Schlussakt
»Aber es sollten
schon Kleider sein. Wie wärs mit der Lustigen Witwe ?«
»Mit welcher Witwe?«
»Der Operette. Die steht auf dem Spielplan. Wobei ich gehört
habe, dass die Inszenierung beim Abo-Publikum nicht
gut ankommt. Weil der Tenor ein Schwarzer ist.«
»Ich bin absoluter
Operetten- und Witwenfan, Christine. Allerdings fürchte ich, dass die aktuellen
Vorkommnisse aus der Lustigen eine Traurige Witwe machen und die
Vorstellung pietätshalber abgesagt wird.«
»Davon stand nichts in der
Ze itung. Und versteh mich nicht falsch, Max, aber es wäre das erste Mal,
dass eine Vorstellung wegen einer Garderobiere ausfallen würde.«
Nicht wegen der Garderobiere, dachte ich. Nicht wegen Annette
Nierzwa. »Was hältst du von Figaros Hochzeit ?«, fragte ich. »Hatte eben
erst Premiere.«
» Figaros Hochzeit ?«, gab sie überrascht zurück. »Eine
Mozart-Oper? Da willst du rein? Das Ding dauert über drei Stunden, ist dir das
klar?«
»Ich bin auf alles gefasst«, sagte ich kämpferisch. »Pass
auf, ich erkundige mich, ob in den nächsten Tagen eine Vorstellung stattfindet,
und besorge die Karten. Was hältst du davon?«
»Boah.« Christine war überwältigt. Sie würde sich kneifen,
sobald sie eingehängt hatte. Max Koller im Heidelberger Stadttheater, drei
Stunden lang klassischer Musik ausgesetzt, und sie an seiner Seite. Das war
Geburtstag und Weihnachten an einem Tag. »Ich kann es nicht fassen«, sagte sie.

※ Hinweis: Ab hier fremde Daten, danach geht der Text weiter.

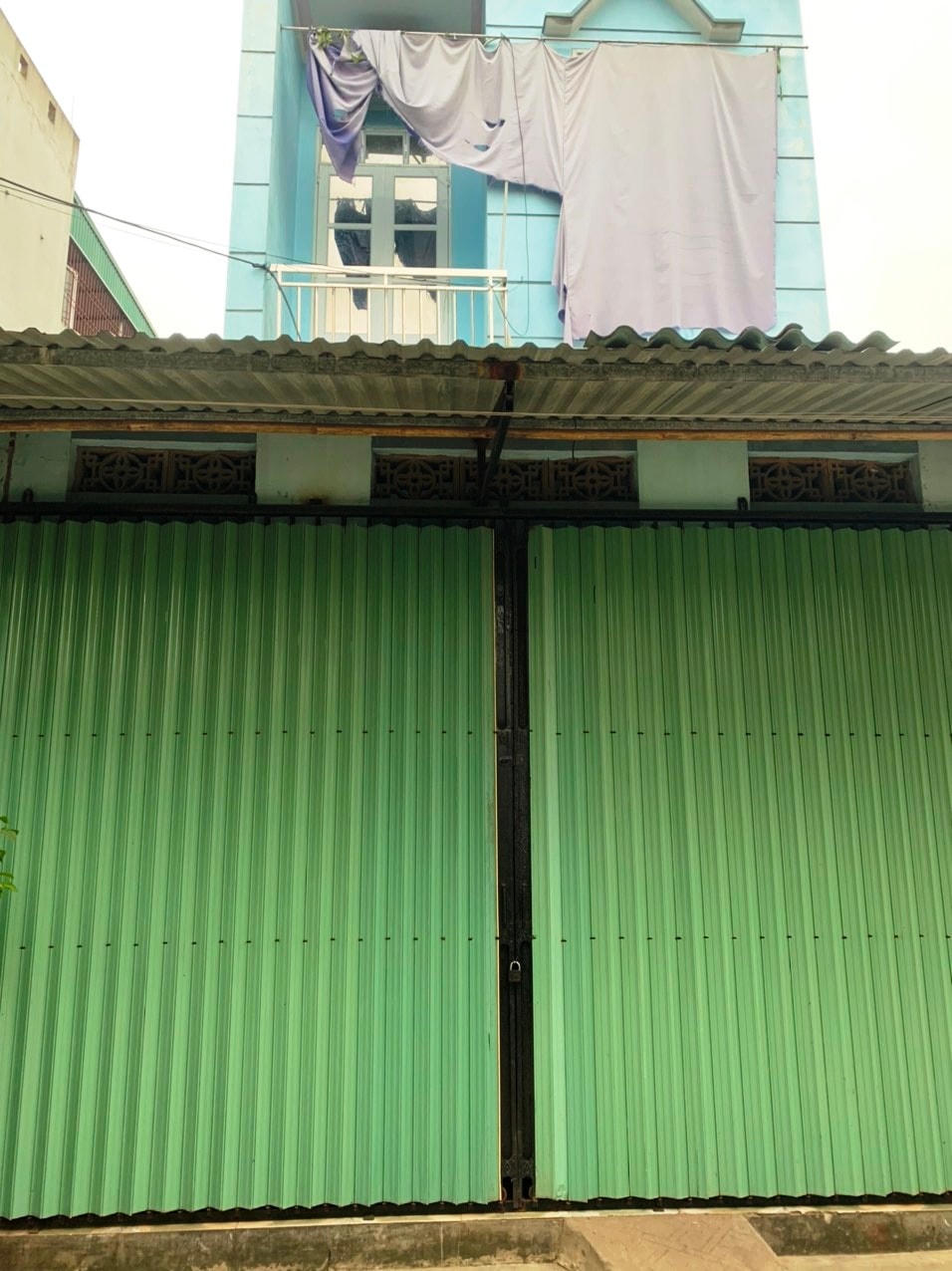 Căn nhà bà Hương khóa cửa sau khi tuyên bố vỡ nợ.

»Und du hast auch nicht vor, den Dirigenten zwischen den Arien nach seinem
Alibi zu befragen?«
»Garantiert nicht.«
Beglückt legte sie auf.
Ich war mittlerweile am Ende der Fußgängerzone angekommen.
Eine Blechkolonne donnerte um den Bismarckplatz herum. Ich wandte mich nach
rechts, Richtung Neuenheim. Im Gehen zog ich meinen kleinen Notizblock hervor,
auf dem die Nummer von Barth-Hufelangs Sekretärin stand. Sie meldete sich nach
dem ersten Klingeln.
»Der Chef ist aber noch nicht da«, sagte sie, und ich sah sie
vor mir mit ihrer spitzen Nase und dem verkniffenen Mund.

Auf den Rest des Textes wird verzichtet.